Sul tavolo, come benvenuto, già le tracce delle Ande: platano verde fritto ecuadoriano e mais cancha peruviano. Il consiglio è poi quello di optare per la degustazione andina di terra o di mare. Dipende se si vuol fare un viaggio all’insegna della meat culture sudamericana, oppure surfare sull’Oceano Pacifico. In questo caso sull’ardesia giungono la quinoa ai gamberi (omaggio alla Bolivia); l’empanada ai frutti di mare (inchino al nord del Cile); la jalea de mariscos (fritto di pesce in onore del Pacifico) e la causa peruana con patate e maionese di gamberi. Complici due salsine: una green alla menta negra e una violetta al mais nero. Per un ritratto andino tutto da assaporare.
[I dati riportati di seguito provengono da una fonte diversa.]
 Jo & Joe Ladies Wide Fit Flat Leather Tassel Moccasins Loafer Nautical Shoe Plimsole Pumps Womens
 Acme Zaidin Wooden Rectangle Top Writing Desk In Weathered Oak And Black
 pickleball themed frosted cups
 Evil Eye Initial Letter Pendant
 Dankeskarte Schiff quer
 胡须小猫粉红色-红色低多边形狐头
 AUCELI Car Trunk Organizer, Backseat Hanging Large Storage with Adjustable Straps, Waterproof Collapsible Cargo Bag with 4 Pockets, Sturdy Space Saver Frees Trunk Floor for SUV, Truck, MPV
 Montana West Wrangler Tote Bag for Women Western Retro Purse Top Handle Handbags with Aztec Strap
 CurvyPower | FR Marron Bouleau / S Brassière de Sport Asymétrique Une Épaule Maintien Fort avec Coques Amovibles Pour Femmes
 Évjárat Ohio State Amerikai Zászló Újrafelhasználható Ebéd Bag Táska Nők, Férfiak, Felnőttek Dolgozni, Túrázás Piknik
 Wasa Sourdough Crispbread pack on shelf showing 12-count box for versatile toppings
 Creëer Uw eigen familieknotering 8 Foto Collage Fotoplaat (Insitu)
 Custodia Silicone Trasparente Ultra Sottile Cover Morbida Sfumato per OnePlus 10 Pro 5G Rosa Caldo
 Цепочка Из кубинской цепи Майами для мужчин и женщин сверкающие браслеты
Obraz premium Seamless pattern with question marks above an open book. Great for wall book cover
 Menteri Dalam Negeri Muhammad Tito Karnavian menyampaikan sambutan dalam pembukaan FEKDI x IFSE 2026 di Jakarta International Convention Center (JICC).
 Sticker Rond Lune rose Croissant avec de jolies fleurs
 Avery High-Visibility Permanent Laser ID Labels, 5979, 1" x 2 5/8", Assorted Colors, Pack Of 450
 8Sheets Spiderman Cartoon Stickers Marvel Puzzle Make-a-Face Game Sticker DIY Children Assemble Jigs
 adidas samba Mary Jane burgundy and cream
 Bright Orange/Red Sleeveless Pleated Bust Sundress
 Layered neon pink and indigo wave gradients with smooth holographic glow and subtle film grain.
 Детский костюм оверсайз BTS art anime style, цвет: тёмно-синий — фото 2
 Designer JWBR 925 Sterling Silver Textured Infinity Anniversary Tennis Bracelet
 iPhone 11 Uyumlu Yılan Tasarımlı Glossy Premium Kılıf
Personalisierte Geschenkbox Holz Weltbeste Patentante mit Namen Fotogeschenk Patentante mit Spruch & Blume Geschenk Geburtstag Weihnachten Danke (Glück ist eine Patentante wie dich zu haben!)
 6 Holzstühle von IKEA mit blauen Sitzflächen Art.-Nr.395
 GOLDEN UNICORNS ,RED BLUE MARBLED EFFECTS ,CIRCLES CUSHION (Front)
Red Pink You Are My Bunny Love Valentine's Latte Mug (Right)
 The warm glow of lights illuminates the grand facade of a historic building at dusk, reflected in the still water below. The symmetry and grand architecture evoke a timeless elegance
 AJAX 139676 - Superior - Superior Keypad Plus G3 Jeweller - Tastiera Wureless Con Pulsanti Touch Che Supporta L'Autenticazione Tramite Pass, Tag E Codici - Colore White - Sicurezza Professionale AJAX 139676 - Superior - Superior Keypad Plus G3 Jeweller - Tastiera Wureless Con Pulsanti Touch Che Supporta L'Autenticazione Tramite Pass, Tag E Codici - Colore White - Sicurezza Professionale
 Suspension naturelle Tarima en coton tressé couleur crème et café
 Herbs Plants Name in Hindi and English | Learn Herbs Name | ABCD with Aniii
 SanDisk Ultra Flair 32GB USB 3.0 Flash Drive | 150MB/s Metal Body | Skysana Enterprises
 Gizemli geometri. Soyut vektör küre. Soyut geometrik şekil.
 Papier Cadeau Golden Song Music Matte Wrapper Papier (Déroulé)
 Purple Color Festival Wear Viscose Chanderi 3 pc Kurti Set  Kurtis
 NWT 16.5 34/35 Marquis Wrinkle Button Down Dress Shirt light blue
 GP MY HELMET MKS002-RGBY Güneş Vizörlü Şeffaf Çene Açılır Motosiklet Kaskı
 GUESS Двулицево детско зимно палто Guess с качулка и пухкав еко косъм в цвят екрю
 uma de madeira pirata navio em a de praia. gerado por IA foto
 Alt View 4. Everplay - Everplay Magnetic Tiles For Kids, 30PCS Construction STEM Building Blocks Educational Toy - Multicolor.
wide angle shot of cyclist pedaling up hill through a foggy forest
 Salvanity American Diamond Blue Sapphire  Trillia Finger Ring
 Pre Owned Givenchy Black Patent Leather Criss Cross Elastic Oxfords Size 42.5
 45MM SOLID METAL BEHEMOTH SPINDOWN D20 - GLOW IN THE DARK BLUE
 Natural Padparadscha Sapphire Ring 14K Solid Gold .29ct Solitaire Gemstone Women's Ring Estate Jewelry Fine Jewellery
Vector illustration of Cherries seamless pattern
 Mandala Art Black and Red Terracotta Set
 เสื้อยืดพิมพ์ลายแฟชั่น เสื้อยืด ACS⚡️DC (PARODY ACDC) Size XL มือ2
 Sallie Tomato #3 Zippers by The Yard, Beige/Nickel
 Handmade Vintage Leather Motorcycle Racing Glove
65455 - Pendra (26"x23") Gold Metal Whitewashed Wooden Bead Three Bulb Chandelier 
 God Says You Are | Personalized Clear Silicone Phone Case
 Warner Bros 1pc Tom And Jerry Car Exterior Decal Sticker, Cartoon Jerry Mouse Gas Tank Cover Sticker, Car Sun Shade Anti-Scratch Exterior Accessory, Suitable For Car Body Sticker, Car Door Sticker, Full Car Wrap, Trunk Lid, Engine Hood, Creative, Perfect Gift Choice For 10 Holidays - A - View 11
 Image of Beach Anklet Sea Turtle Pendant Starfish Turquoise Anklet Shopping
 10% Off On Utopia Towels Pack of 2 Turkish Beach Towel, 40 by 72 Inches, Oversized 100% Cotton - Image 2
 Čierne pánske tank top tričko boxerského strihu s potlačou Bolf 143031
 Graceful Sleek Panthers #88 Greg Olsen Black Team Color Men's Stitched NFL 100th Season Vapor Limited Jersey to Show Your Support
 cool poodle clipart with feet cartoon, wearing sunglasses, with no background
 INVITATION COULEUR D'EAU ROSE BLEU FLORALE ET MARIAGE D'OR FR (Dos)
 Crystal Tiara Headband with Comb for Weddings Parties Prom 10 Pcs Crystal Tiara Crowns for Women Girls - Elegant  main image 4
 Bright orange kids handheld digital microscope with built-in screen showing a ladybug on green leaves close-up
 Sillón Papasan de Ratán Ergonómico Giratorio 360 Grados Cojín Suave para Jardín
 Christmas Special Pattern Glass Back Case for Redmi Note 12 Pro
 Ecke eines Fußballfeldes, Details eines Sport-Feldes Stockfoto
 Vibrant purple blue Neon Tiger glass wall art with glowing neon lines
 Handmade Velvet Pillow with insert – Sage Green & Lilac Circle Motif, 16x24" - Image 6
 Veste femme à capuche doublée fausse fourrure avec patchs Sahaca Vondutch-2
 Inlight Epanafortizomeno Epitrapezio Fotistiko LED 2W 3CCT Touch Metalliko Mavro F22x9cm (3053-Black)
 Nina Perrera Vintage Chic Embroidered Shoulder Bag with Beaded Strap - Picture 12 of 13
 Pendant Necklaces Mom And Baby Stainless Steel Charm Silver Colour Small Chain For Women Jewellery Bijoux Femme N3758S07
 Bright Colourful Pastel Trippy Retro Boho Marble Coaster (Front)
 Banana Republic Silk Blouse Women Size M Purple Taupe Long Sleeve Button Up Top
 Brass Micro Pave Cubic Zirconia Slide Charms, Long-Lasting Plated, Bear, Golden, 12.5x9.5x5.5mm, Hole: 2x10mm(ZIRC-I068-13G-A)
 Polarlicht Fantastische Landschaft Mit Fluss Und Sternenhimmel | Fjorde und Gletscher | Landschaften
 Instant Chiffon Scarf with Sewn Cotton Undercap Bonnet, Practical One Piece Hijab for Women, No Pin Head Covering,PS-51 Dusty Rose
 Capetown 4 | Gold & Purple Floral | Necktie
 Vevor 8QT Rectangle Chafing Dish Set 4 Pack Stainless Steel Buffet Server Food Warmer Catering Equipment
E che fa subito presagire il food mood del ristorante. Pronto a proporre un puzzle fatto di pietanze pescate dai diversi Paesi attraversati dalla latina cordigliera. Tutte pensate con cura e rilette in leggerezza. In carta, anche il ceviche di ricciola marinata con lime, mais bianco e patata dolce; la lubiana a la baiana, ossia filetto di branzino alla griglia in salsa di cocco, yuca e riso; e il rombo con platano maturo e patata americana cotti in foglie di platano. Non certo trascurando la carne: bife de chorizo, ricordando l’argentina; ciervo patagonico e cordero (agnello) andino a la parilla; chancho, maialino da latte disossato e cotto a bassa temperatura; pollo al ladrillo (al mattone con timo e limone) e feijoada carioca, con picanha, fagioli neri, riso bianco, farofa e arancia. Per un tasting meat addicted. Perfetto in abbinata a un vino tinto quale il Saurus, griffato Familia Schroeder e figlio del cabernet sauvignon della Patagonia argentina.
E per dessert? Tres leches: dolce tipico latino che elegge il latte in triplice versione: al vapore, condensato e sotto forma di panna fresca. Ma ottimi sono pure il panqueque goloso, crêpe calda ripiena di dulce de leche e gelato alla crema, nonché il Don Pedro, gelato di dulce de leche con whisky e mandorle. A chiosa, distillato a tema: un luminoso e cristallino pisco acholado. Ultimo consiglio. Non uscire senza prima d’esser passati dal bagno: i lavandini sono secchielli in latta, come quelli del latte. Così anche il semplice lavarsi le mani diviene esperienza.